Substitute \(\hat{\beta}_0\) (Eq. (13.3)) for \(\beta_0\) and set equal to zero:

\[\begin{split}0 &= \sum_{i=1}^n x_i y_i - (\bar{y}-\beta_1 \bar{x})\sum_{i=1}^n x_i - \beta_1 \sum_{i=1}^n x_i^2\\ &= \sum_{i=1}^n x_i y_i - (\bar{y}-\beta_1 \bar{x})n\bar{x} - \beta_1 \sum_{i=1}^n x_i^2\\ &= \sum_{i=1}^n x_i y_i - n\bar{x}\bar{y} - \beta_1 (\sum_{i=1}^n x_i^2 - n \bar{x}^2)\end{split}\]

Isolate \(\beta_1\) to obtain:

(13.4)\[\hat{\beta}_1 = \frac{\sum_{i=1}^n x_i y_i - n\bar{x}\bar{y}}{\sum_{i=1}^n x_i^2 - n\bar{x}^2}\]

Summary

Slope estimate:

\[\hat{\beta}_1 = \frac{\sum_{i=1}^n x_i y_i - n\bar{x}\bar{y}}{\sum_{i=1}^n x_i^2 - n\bar{x}^2}\]

Intercept estimate:

\[\hat{\beta}_0 = \bar{y} - \hat{\beta}_1 \bar{x}\]

Alternative Notation

The symbols \(b_0\) and \(b_1\) are used interchangeably with \(\hat{\beta}_0\) and \(\hat{\beta}_1\), respectively.
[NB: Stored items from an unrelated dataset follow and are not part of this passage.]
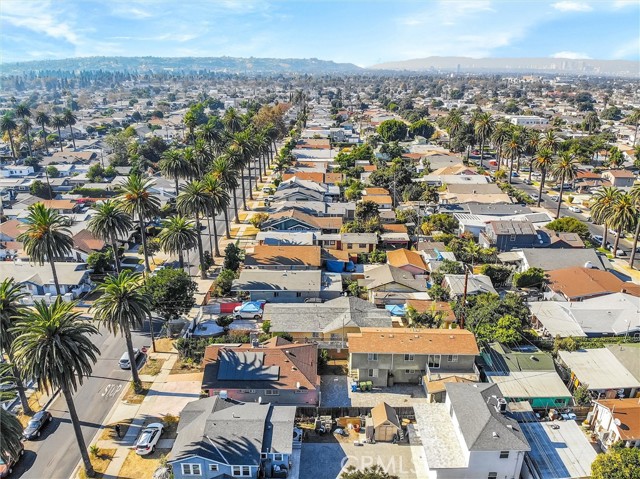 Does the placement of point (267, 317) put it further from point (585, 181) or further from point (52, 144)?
point (52, 144)

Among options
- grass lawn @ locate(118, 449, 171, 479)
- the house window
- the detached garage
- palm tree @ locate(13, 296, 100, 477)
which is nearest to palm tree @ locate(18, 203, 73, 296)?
palm tree @ locate(13, 296, 100, 477)

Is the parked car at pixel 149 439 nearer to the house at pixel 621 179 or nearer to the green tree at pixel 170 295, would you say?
the green tree at pixel 170 295

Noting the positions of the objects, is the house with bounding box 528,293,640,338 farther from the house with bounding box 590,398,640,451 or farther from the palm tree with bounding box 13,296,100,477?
the palm tree with bounding box 13,296,100,477

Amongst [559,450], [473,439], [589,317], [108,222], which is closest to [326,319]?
[473,439]

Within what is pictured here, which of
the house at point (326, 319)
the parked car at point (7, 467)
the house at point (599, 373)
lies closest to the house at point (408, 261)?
the house at point (326, 319)

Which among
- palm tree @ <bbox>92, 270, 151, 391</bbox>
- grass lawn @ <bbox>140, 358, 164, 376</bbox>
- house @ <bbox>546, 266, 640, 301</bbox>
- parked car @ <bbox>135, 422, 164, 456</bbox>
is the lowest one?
grass lawn @ <bbox>140, 358, 164, 376</bbox>

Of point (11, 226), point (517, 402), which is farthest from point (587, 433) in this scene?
point (11, 226) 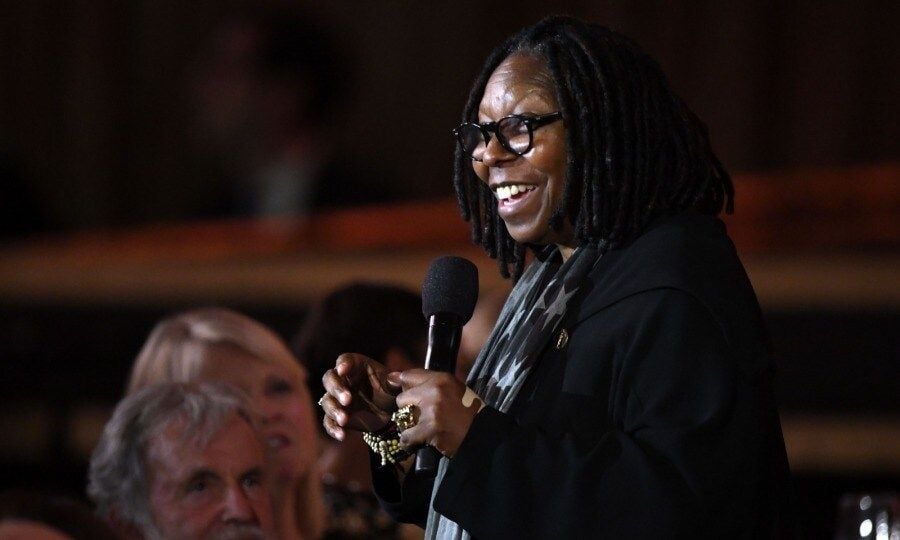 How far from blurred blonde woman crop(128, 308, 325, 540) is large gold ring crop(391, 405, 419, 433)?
4.79 feet

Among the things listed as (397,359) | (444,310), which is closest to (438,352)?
(444,310)

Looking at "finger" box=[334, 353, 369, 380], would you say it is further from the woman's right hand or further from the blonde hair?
the blonde hair

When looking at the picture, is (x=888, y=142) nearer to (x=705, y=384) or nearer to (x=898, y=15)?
(x=898, y=15)

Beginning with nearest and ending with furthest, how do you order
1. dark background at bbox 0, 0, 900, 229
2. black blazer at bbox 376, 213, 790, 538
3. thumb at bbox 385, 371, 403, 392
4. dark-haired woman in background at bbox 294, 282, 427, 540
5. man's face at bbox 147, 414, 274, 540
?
black blazer at bbox 376, 213, 790, 538, thumb at bbox 385, 371, 403, 392, man's face at bbox 147, 414, 274, 540, dark-haired woman in background at bbox 294, 282, 427, 540, dark background at bbox 0, 0, 900, 229

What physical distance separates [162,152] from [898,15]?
2865mm

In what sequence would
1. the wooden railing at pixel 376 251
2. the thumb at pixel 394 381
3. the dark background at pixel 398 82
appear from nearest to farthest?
1. the thumb at pixel 394 381
2. the wooden railing at pixel 376 251
3. the dark background at pixel 398 82

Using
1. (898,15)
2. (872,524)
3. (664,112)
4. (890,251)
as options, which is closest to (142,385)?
(872,524)

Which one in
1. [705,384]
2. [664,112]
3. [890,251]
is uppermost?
[664,112]

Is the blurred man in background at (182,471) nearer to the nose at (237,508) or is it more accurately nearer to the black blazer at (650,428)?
the nose at (237,508)

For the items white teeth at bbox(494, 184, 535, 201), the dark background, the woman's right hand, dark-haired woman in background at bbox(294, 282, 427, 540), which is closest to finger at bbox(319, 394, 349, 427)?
the woman's right hand

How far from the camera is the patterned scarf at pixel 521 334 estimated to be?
1795mm

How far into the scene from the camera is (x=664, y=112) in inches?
71.5

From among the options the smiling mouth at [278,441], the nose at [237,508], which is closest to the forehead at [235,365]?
the smiling mouth at [278,441]

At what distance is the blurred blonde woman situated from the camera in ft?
10.4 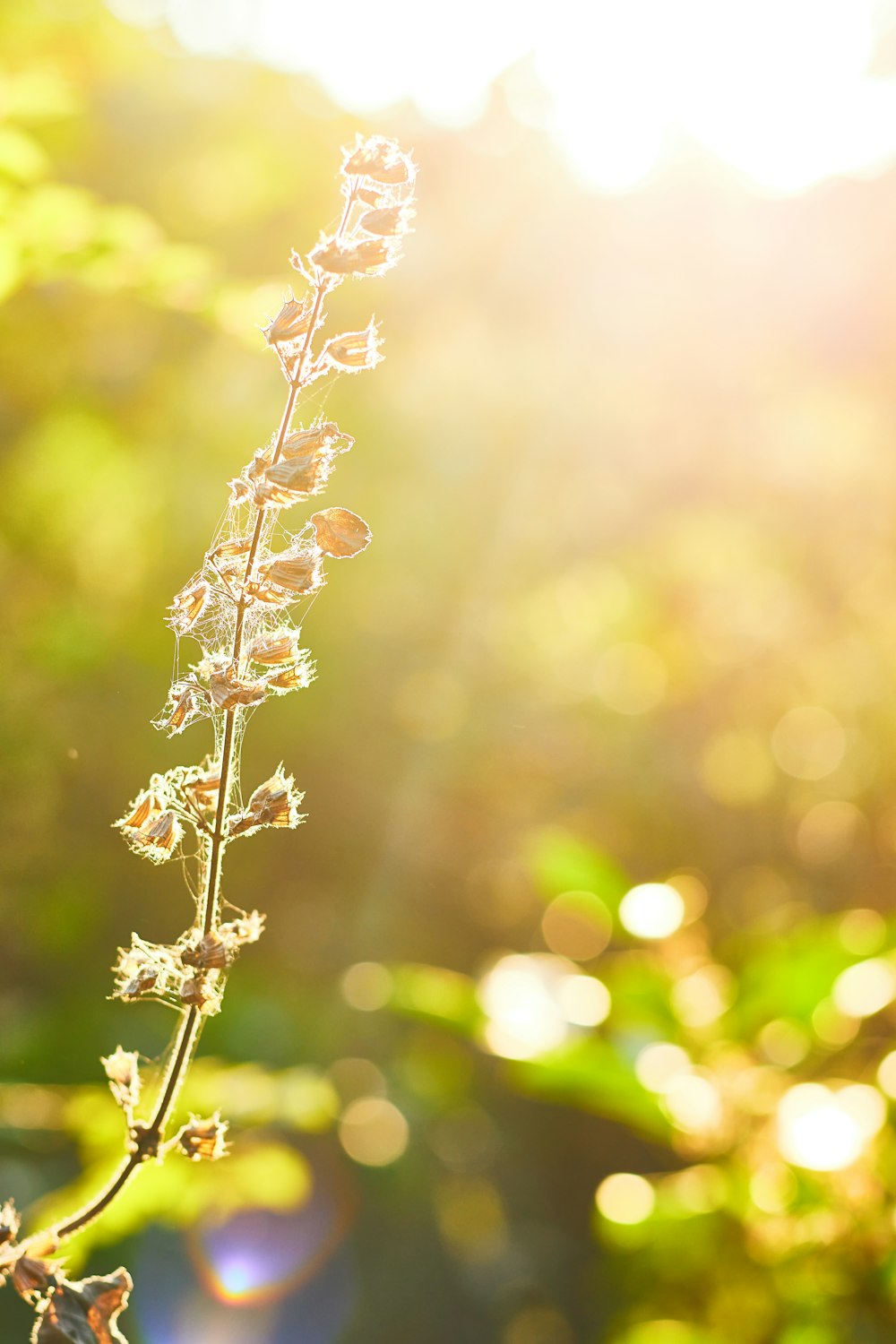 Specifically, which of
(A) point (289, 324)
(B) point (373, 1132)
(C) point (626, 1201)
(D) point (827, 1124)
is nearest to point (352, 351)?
(A) point (289, 324)

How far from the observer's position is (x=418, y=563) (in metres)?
1.93

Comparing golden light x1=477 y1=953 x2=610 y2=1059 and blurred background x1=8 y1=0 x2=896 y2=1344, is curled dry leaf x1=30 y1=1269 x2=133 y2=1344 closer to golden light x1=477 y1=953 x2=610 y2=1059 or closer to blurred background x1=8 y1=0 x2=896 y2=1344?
blurred background x1=8 y1=0 x2=896 y2=1344

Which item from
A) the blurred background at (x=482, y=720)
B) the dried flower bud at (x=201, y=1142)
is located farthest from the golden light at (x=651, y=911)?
the dried flower bud at (x=201, y=1142)

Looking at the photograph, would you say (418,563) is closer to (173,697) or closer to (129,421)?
(129,421)

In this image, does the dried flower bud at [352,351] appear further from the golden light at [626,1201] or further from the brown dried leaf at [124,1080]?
the golden light at [626,1201]

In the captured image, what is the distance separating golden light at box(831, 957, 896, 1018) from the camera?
1229 millimetres

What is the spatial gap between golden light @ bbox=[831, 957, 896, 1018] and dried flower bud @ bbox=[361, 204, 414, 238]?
1.17 meters

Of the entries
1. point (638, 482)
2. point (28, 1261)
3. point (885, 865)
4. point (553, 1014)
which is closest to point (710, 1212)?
point (553, 1014)

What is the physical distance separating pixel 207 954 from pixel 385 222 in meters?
0.25

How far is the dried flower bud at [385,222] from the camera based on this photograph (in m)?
0.33

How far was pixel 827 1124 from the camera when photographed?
1110 mm

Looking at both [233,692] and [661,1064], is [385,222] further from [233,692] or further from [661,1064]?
[661,1064]

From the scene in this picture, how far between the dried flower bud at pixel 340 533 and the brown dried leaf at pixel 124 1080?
0.19 meters

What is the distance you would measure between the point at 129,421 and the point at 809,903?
1.67 metres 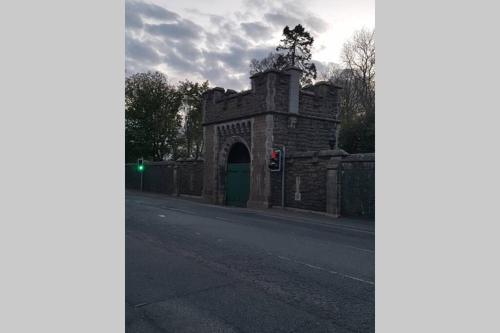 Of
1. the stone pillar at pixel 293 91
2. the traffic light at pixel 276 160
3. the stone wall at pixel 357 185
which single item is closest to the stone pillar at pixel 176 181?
the traffic light at pixel 276 160

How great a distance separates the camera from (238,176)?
66.1ft

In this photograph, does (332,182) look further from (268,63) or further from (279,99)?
(268,63)

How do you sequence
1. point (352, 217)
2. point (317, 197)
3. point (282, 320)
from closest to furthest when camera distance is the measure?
1. point (282, 320)
2. point (352, 217)
3. point (317, 197)

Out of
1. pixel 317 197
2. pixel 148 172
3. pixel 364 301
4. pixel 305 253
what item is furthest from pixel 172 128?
pixel 364 301

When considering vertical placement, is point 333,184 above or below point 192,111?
below

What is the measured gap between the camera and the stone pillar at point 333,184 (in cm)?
1409

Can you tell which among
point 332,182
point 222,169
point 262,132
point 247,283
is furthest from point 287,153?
point 247,283

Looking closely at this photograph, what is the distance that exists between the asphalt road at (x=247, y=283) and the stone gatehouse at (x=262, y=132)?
8.23 metres

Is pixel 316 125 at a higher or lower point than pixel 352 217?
higher

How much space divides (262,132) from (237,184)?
3.90 meters

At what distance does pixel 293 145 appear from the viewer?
18.3 meters

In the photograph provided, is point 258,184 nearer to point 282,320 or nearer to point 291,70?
point 291,70

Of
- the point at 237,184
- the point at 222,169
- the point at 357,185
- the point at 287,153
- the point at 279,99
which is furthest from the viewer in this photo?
the point at 222,169

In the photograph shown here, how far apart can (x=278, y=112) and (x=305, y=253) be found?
1177cm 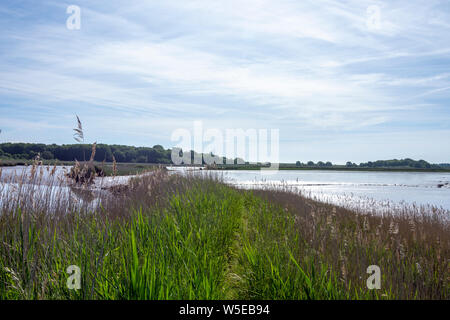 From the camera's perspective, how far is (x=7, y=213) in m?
5.21

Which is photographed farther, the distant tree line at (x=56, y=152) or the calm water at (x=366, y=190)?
the calm water at (x=366, y=190)

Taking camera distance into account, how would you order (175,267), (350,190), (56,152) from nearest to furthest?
1. (175,267)
2. (56,152)
3. (350,190)

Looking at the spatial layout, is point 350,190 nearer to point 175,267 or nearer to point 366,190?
point 366,190

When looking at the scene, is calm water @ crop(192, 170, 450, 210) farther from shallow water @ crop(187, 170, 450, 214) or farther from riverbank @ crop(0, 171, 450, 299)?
riverbank @ crop(0, 171, 450, 299)

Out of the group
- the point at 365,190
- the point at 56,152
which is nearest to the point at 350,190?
the point at 365,190

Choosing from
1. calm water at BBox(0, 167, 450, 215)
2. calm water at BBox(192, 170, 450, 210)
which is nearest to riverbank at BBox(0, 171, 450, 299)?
calm water at BBox(0, 167, 450, 215)

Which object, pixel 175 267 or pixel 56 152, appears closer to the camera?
pixel 175 267

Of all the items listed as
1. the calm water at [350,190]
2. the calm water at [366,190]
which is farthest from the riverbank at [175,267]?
the calm water at [366,190]

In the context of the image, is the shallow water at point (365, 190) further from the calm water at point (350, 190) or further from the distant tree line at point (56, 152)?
the distant tree line at point (56, 152)

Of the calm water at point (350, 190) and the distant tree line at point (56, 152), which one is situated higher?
the distant tree line at point (56, 152) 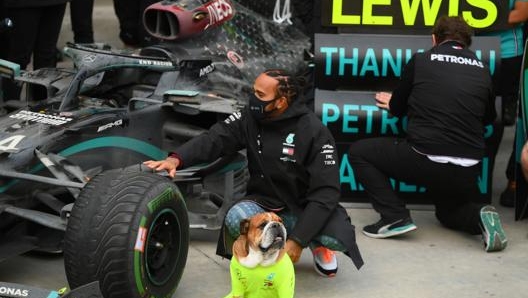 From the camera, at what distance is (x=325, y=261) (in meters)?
5.42

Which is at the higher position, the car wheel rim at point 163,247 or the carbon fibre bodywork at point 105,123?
the carbon fibre bodywork at point 105,123

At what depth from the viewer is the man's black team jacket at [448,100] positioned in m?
5.92

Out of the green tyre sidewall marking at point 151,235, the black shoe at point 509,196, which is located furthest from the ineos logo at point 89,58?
the black shoe at point 509,196

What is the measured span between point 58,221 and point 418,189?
2.63m

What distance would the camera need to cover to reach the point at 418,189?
6.62 metres

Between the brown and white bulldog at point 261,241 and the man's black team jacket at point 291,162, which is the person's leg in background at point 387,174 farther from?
the brown and white bulldog at point 261,241

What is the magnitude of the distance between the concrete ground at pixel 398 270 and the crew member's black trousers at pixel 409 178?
0.59 feet

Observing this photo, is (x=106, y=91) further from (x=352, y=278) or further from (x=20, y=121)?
(x=352, y=278)

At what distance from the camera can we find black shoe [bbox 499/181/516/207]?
6699 mm

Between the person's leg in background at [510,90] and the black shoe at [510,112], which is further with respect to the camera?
the black shoe at [510,112]

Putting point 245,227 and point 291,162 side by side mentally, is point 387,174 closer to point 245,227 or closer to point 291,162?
point 291,162

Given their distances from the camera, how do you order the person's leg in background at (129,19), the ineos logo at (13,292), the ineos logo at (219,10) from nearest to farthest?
the ineos logo at (13,292) → the ineos logo at (219,10) → the person's leg in background at (129,19)

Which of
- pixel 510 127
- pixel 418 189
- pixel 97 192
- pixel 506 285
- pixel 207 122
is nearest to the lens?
pixel 97 192

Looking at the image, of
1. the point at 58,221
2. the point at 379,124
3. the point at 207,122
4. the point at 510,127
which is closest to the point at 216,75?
Result: the point at 207,122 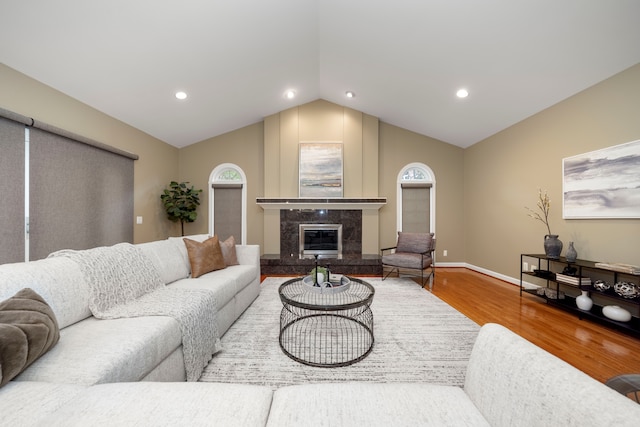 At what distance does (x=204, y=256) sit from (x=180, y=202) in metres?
2.73

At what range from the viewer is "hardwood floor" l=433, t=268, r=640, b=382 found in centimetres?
190

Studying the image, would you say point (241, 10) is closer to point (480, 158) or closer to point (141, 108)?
point (141, 108)

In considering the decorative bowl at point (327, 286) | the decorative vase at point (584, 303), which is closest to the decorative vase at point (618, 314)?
the decorative vase at point (584, 303)

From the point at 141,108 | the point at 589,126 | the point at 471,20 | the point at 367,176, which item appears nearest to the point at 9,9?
the point at 141,108

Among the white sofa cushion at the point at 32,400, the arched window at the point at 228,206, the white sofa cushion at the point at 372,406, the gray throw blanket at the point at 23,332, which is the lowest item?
the white sofa cushion at the point at 372,406

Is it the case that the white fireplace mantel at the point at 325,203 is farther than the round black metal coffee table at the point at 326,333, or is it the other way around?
the white fireplace mantel at the point at 325,203

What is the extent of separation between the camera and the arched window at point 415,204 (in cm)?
535

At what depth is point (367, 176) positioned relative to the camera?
17.1ft

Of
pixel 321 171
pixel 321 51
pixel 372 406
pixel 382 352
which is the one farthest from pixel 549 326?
pixel 321 51

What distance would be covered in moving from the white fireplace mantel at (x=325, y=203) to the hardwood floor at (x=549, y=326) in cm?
193

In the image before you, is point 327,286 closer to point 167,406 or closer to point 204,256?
point 204,256

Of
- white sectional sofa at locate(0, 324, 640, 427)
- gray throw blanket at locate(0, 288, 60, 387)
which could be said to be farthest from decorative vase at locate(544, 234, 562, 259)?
gray throw blanket at locate(0, 288, 60, 387)

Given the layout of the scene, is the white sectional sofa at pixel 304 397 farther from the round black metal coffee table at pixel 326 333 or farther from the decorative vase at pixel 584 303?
the decorative vase at pixel 584 303

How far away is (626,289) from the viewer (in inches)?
91.6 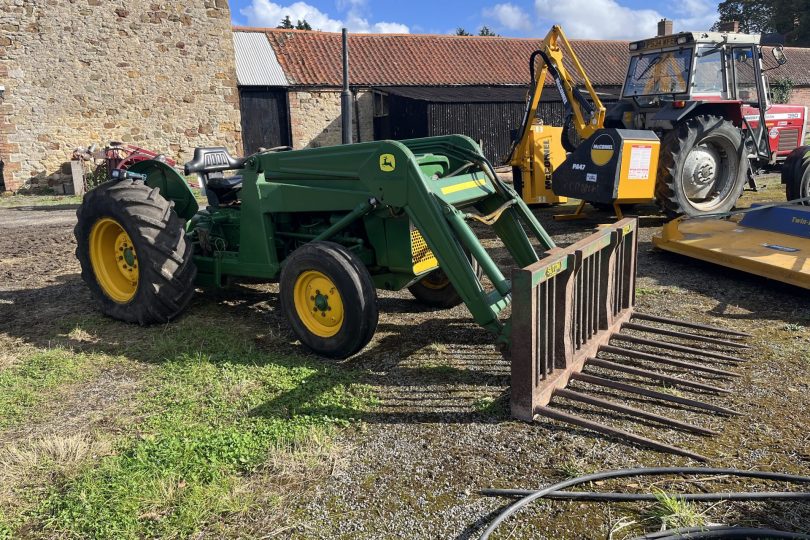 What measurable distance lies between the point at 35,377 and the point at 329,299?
1.93m

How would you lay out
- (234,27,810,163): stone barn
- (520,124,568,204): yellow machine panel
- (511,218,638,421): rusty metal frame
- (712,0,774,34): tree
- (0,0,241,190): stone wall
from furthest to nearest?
(712,0,774,34): tree → (234,27,810,163): stone barn → (0,0,241,190): stone wall → (520,124,568,204): yellow machine panel → (511,218,638,421): rusty metal frame

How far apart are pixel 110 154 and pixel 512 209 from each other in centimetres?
1280

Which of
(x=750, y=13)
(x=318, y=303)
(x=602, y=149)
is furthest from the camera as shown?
(x=750, y=13)

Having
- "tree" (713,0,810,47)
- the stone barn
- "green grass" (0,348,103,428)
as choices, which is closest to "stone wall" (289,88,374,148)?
the stone barn

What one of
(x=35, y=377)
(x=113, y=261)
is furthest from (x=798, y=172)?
(x=35, y=377)

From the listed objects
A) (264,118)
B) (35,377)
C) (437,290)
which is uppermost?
(264,118)

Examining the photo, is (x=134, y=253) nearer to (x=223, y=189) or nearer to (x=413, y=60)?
(x=223, y=189)

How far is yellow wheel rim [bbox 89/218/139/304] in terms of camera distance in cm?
526

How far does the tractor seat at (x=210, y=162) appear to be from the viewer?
5.80 metres

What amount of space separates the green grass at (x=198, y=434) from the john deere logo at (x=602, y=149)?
4.82 m

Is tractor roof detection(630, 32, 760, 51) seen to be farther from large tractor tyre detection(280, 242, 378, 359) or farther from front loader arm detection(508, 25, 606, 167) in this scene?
large tractor tyre detection(280, 242, 378, 359)

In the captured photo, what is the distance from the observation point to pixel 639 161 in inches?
296

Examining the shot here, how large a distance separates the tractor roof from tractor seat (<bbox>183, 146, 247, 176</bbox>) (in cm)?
640

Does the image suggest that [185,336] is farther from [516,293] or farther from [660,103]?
[660,103] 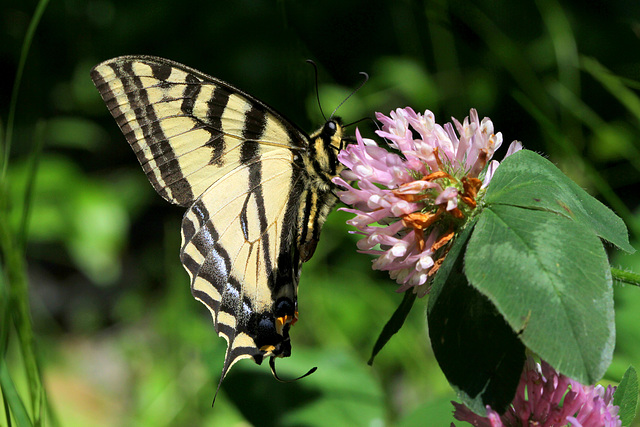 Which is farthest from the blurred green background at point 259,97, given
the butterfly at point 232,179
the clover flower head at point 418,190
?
the clover flower head at point 418,190

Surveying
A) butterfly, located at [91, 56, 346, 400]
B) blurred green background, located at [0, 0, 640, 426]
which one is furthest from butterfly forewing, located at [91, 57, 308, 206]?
blurred green background, located at [0, 0, 640, 426]

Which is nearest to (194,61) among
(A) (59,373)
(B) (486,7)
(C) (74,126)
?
(C) (74,126)

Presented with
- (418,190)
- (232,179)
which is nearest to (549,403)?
(418,190)

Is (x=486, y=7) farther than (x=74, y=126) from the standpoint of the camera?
No

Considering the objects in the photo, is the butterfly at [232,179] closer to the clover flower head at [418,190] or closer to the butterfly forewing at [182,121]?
the butterfly forewing at [182,121]

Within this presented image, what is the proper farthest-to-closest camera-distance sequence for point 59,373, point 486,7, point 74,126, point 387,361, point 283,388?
1. point 74,126
2. point 59,373
3. point 486,7
4. point 387,361
5. point 283,388

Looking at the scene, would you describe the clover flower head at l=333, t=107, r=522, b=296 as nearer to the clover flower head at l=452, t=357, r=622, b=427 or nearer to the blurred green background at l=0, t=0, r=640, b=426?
the clover flower head at l=452, t=357, r=622, b=427

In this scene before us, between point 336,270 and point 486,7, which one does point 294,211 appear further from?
point 486,7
Alternative Expressions of the Slope Estimate

Several alternative expressions exist for the slope estimate \(\hat{\beta}_1\), each offering a different perspective on its relation to various components of regression analysis. Being able to transition freely between these forms is key to deepening the intuition for linear regression and enabling efficient computation.

Define the sum of cross products and the sum of sqaures of \(X\) as:

  • \(S_{XY} = \sum_{i=1}^n (x_i - \bar{x})(y_i - \bar{y})\)

  • \(S_{XX} = \sum_{i=1}^n (x_i - \bar{x})^2\)

In addition, the sample covariance of \(X\) and \(Y\) is denoted \(s_{XY}\) (lower case \(s\)) and defined as:

\[s_{XY} = \frac{ \sum_{i=1}^n (x_i - \bar{x})(y_i - \bar{y})}{n-1}\]

Also recall that \(s_X^2 = \frac{\sum_{i=1}^n (x_i - \bar{x})^2}{n-1}\) denotes the sample variance of \(x_1, \cdots, x_n\).

Then \(\hat{\beta}_1\) (13.4) can also be written as:

(13.5)\[\hat{\beta}_1 = \frac{S_{XY}}{S_{XX}} = \frac{s_{XY}}{s^2_X} = \frac{\sum_{i=1}^n (x_i -\bar{x})(y_i - \bar{y})}{\sum_{i=1}^n (x_i - \bar{x})^2}\]

Exercise: Prove equality between the alternative expressions

Hint: Showing the second and third equality of (13.5) is relatively simple. To show the first equality, begin with the numerators:

\[\begin{split}\sum_{i=1}^n (x_i -\bar{x})(y_i - \bar{y}) &= \sum_{i=1}^n x_i y_i -\bar{x}\sum_{i=1}^n y_i -\bar{y}\sum_{i=1}^n x_i + n\bar{x}\bar{y}\\ &= \sum_{i=1}^n x_i y_i -\bar{x}(n\bar{y}) -\bar{y}(n\bar{x}) + n\bar{x}\bar{y}\\ &= \sum_{i=1}^n x_i y_i -n\bar{x}\bar{y} \quad ✅\end{split}\]

Repeat a similar procedure for the denominators.

13.2.3. The Fitted Regression Line

Once the slope and intercept estimates are obtained, we can use them to construct the fitted regression line:

\[\hat{y} = \hat{\beta}_0 + \hat{\beta}_1 x.\]

By plugging in specific \(x\) values into the equation, we obtain point estimates of the corresponding responses. The hat notation is essential, as it distinguishes these estimates from the observed responses, \(y\).

Properties of the Fitted Regression Line

1. Interpretation of the Slope

The slope \(\hat{\beta}_1\) represents the estimated average change in the response for every one-unit change in the explanatory variable. The sign of \(\hat{\beta}_1\) indicates the direction of the association.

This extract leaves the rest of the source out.